Preparing for Summer - Battery Management Tips

We've put together some battery tips to help workshops prepare for summer, by understanding how to get the best out of fleet batteries with a proactive battery maintenance programme of testers and chargers.

Hotter weather causes chemical reactions to speed up within batteries. This increases the level of battery output, which escalates the pace of battery degradation. This means the amount of energy that a battery can store reduces permanently.

The faster a battery degrades, the more likely it is to cause expensive roadside breakdowns and non-starts. These quickly reduce the productivity of commercial vehicles in industries such as the emergency services or distribution and haulage.

Battery testing is important in warmer months, as there are increased demands on vehicle batteries, such as cooling systems and start/stop applications, which can impact a battery’s overall health, causing expensive road-side non-starts or breakdowns if not identified early.

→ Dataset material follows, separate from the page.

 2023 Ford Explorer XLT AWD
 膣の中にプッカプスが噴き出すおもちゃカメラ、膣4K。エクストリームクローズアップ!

Battery Testing and Charging Tips:

Regular testing and charging: Vehicle batteries should be tested upon entering a workshop and charged appropriately, to swiftly identify any issues. To do this, a workshop should invest in a programme of quality battery testers and chargers.

Keep voltage above 12.5v: The voltage should remain above a minimum of 12.5v, as sulfation occurs below 12.4v. Sulfation produces a lead sulphate crystal barrier on the battery, reducing its ability to accept a charge. This can cause issues such as thermal runaway, causing the battery to expand if it is an AGM battery, or explode if it is a flooded or EFB battery.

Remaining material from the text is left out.